> [SUPPLIED ENTRIES]
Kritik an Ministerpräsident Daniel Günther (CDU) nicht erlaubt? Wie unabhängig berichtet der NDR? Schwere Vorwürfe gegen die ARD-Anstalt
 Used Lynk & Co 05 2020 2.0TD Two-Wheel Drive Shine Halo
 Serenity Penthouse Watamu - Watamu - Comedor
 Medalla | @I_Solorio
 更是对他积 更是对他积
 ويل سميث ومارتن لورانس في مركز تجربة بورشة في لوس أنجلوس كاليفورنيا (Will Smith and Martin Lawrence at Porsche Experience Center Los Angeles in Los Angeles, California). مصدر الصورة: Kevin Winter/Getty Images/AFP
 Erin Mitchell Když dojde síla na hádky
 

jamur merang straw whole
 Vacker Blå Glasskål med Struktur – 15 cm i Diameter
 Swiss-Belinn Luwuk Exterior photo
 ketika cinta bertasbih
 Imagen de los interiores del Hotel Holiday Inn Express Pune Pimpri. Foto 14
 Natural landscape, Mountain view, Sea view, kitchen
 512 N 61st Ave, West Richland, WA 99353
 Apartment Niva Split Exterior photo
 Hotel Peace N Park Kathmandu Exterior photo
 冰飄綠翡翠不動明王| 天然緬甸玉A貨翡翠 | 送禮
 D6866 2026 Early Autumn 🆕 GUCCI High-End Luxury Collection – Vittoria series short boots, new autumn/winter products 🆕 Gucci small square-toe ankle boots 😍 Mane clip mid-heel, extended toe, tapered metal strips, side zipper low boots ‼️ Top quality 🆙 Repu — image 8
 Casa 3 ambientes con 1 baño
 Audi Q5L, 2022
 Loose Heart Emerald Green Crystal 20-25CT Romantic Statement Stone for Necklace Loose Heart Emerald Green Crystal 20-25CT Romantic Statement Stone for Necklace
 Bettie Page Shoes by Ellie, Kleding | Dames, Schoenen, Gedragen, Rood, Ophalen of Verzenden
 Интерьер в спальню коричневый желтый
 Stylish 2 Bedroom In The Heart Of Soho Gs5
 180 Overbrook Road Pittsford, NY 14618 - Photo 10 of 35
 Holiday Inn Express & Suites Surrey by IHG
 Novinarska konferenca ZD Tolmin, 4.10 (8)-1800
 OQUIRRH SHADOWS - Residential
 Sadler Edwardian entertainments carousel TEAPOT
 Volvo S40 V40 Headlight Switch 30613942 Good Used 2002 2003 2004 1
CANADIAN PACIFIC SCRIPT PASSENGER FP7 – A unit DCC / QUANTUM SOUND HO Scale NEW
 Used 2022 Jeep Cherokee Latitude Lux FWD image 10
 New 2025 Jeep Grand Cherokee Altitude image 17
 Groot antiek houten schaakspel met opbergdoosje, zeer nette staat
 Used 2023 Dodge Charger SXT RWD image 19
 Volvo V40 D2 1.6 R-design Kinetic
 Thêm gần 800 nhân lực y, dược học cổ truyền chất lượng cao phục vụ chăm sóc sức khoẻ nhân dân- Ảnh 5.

> [WHAT YOU HAVE TO DO]
All lines in the records with the string "Express" should be copied out.

> [EXPECTED ANSWER]
 Imagen de los interiores del Hotel Holiday Inn Express Pune Pimpri. Foto 14
 Holiday Inn Express & Suites Surrey by IHG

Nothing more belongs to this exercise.